In this post, we’ll look at why these attributes are important and how you can apply them to provide design-time hints to Android Studio about what type of data and attributes will be applied to your views at runtime.

To illustrate the concepts, we will look at a sample app called Weather. This app displays a list of cities and their current weather forecast summary. Clicking on one of the summary rows, shows a details screen with more information about “today’s” forecast.

The app looks relatively straightforward when you see it running, but how does that look in the Layout Editor at design time. Well that depends!

This project is built using Data Binding and uses a RecyclerView to show the list of cities on the summary screen. If you’re not using tools attributes to give design time hints, it will look something like this…

As you can see, there is no indication of what this view may look like when rendered on a device. It’s hard to even tell what the screens are, let alone:

• How will this look on a 5” screen vs a 7” screen?

• How does it look in landscape vs portrait?

• How does screen density affect the layout?

This becomes even more obvious when you are using the Navigation Architecture Component, where instead of a rich graph showing each of your screens and their relationships to each other:

Image generated from navigation_graph of the Google Codelabs – Navigation Sample

…you see a bunch of white boxes with no meaning, connected by arrows.

Image generated from navigation_graph of the Google Codelabs – Navigation Sample(With tools layout references removed.)

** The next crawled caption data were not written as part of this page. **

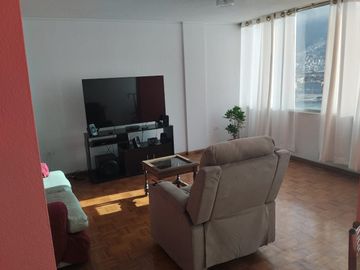 VENTA DE DEPARTAMENTO de 152 m2 en el Edificio de Clinica La Luz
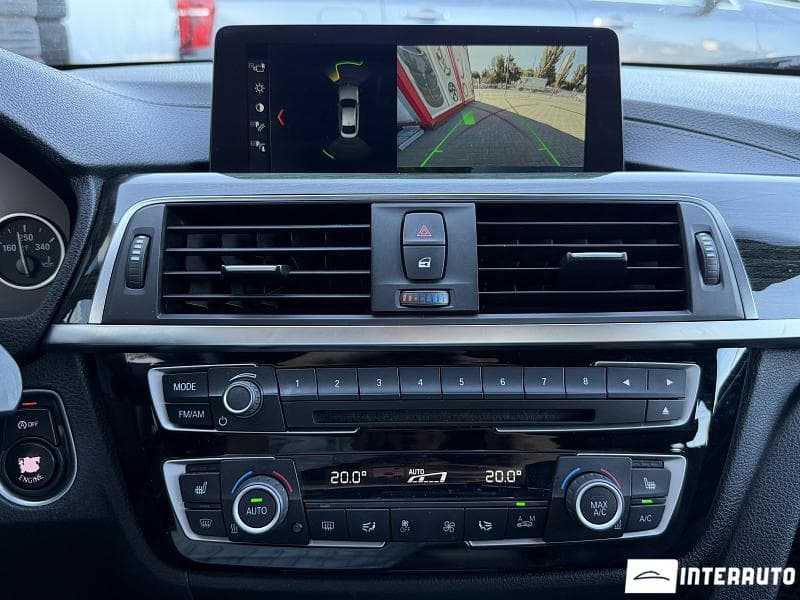 BMW 430i 2017 — Миниатюра 15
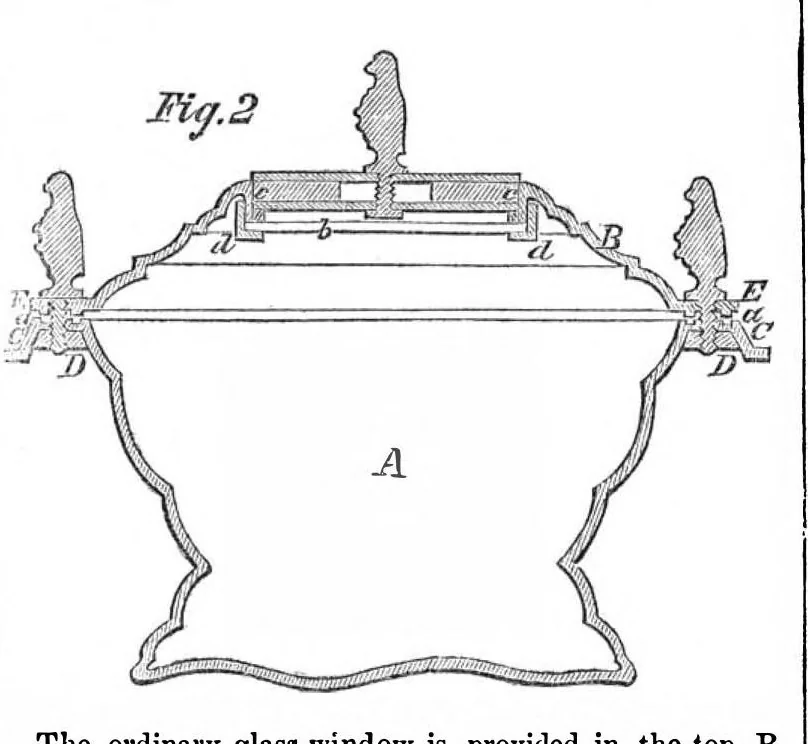 An illustration from Scientific American, Vol. 1, No. 17 (October 1859), 1859, leaf 4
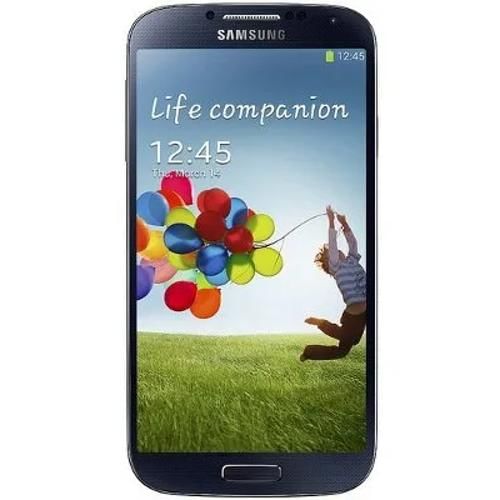 Samsung Galaxy S4 I9500 Front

Coming back to the weather app sample. This is a fairly simple app consisting of two screens. So why can’t Android Studio just figure this crap out? 😡

The answer is that Android Studio does not have enough information to figure it out. Data-bound views use binding expressions to describe how to evaluate the contents of the view at runtime. Similarly, RecyclerViews depend on dynamic views being attached at runtime, facilitated by a RecyclerView.Adapter.

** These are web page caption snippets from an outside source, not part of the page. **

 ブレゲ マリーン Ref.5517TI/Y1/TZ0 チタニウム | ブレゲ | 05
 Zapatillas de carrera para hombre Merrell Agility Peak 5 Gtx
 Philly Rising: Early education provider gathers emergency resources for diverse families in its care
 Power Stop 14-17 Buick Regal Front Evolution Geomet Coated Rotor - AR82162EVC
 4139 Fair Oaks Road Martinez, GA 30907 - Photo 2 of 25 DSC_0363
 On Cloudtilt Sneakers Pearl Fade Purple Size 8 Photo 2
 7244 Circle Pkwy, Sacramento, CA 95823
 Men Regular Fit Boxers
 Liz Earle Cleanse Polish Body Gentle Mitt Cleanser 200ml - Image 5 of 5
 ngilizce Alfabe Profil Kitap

At design time, Android Studio has no way of knowing what data will be placed in the views. However, you as the developer do know what types of data will be placed into your views. The tools attributes give you a way to provide hints to Android Studio so that it can render an accurate preview of your views at design time.

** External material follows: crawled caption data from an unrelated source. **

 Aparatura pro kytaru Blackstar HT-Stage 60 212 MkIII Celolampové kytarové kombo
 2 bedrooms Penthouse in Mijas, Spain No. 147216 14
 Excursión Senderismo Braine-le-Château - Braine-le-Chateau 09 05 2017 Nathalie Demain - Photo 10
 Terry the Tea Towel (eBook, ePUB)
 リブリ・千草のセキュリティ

Note: Of course things like (the effects of density, orientation, and screen size) are things that you will want to test before shipping your app, but you could get a good idea of how it will render at design time if you use Tools Namespace attributes in your layouts.

Tools Namespace

The Tools Namespace is an XML namespace that declares attributes you can apply to your views. These attributes give design time rendering hints (such as which item layout to show in a RecyclerView) and designate compile time behaviors (such as specific lint rules to ignore or even specific resources to keep during proguard minification). You are probably already using some of these attributes and may not have noticed.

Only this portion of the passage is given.